I don't know what to do either.

I cannot stop thinking about Paris. Beirut. Kenya. Potential, perhaps pending, attacks around the entire world that can happen while I’m at a concert, sitting at a bistro, pushing my children in the swing at the park. I’m nonstop checking the news, listening to NPR, reading articles to try to get a grasp of the issue because this is beyond my intelligence.

I keep picturing the real-life CIA equivalents of Carrie, Saul and Quinn from Homeland in a room in Langley, arguing about what’s best to do: drone strike? send Quinn for a direct assassination? send Carrie in to initiate, investigate, infiltrate an operation?

The options seem both plentiful and few at the same time. Nothing seems like a good solution, everything seems like an idea worth trying. At the end of the day, I feel so inadequately prepared to process the ideas of organized terrorism and what it takes to end it.

I fluctuate between wanting to invite 10 Syrian refugee families to stay on our property, those running for their lives, to escape persecution and death. I want to give them comfort, a good meal and rest for their weary bones. Then, I consider the ramifications of forged passports, mistaken identifies, intentional deception. It’s hard to know what’s right, who’s right. 

How do we talk with a terrorist organization whose currency is killing, who use beheadings as a bullhorn to call others to their cause? How do we destroy killers in some way besides killing? Whose responsibility is it to lead, to strategize, to implement the plan? Simply put, whose boots are on the ground? 

These are the hardest questions to answer and I have yet to find anyone with the answers.

So I resolve to pray. But can I be transparent? Prayer doesn’t feel like I’m doing anything, making a difference, helping to bring healing to a dire, horrific situation. Remember, I’m the person who recently launched a new small business revolving around the idea of a to do list and how to do more. I am left stranded, feeling as if there is just nothing I can do. 
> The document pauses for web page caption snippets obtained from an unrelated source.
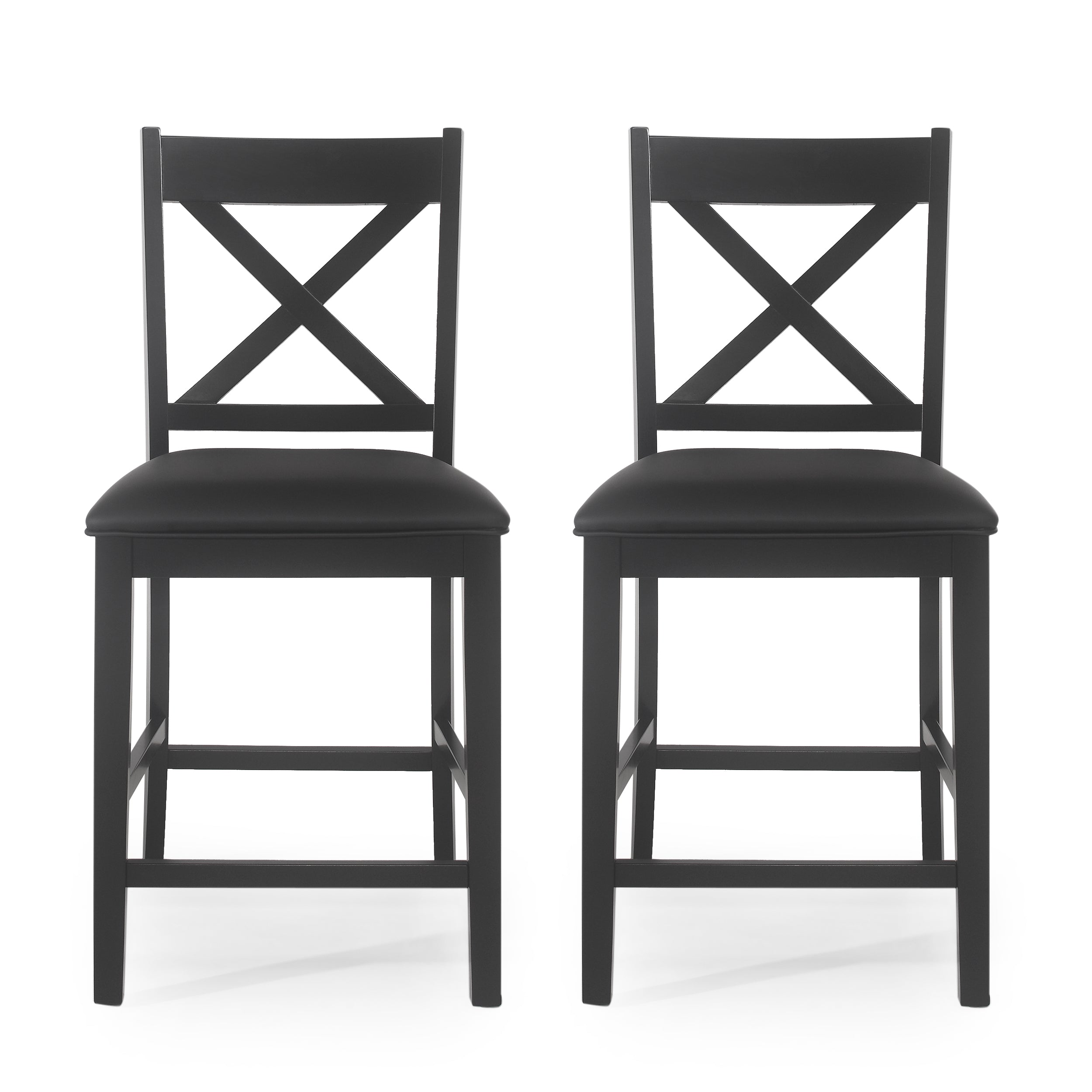 Bouman Farmhouse Upholstered Wood Counter Stools, Set of 2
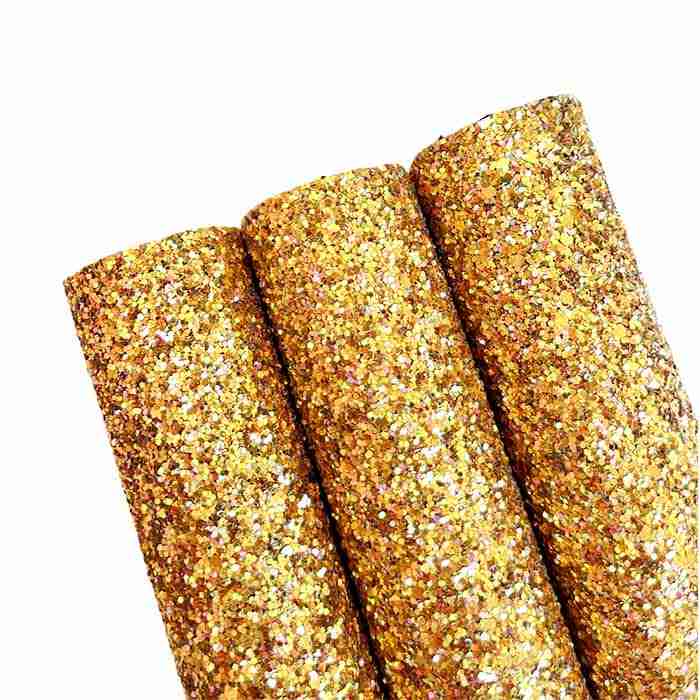 Tramo de Vinil Escarchado Dorado Tornasol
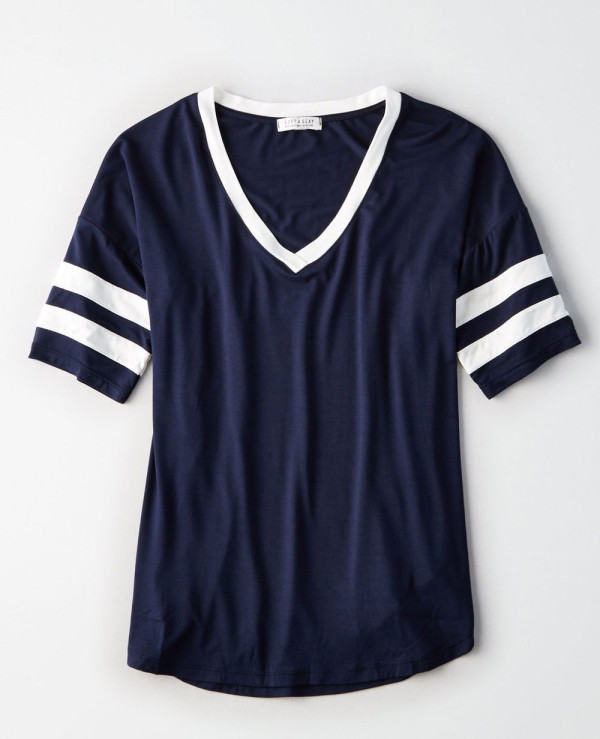New-Look-Women-Striped-Sleeve-V-Neck-T-Shirt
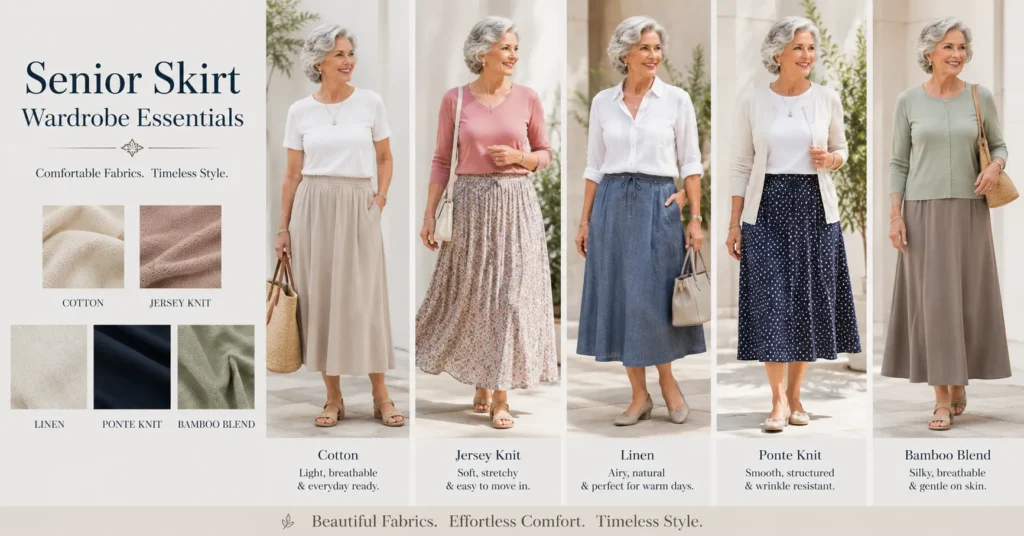 Senior Skirt everyday fabrics featuring breathable cotton linen and jersey styles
Perhaps, in this situation, the greatest to do is to don’t. Don’t add to the fear-mongering, over-politicizing, divisive discussion we read of too often. Don’t let my family live in fear, too frightened to function, paralyzed with the potential it could happen to us. Don’t let my voice be drowned out, a voice that desires reconciliation, restoration and justice. Don’t stop praying.

I am by no means qualified to speak to this issue. But really, are any of us well-versed in foreign policy, military training, negotiations and democracy? No, and yet that shouldn’t stop us from doing the one thing we are all qualified to do: pray. So, instead of feeling completely inadequate, I will find time to be on my knees, crying out, demanding, begging for healing, peace, relief. It may not feel like enough, but in reality, if my belief and faith are sincere and true, it is doing far more than we could begin to fathom.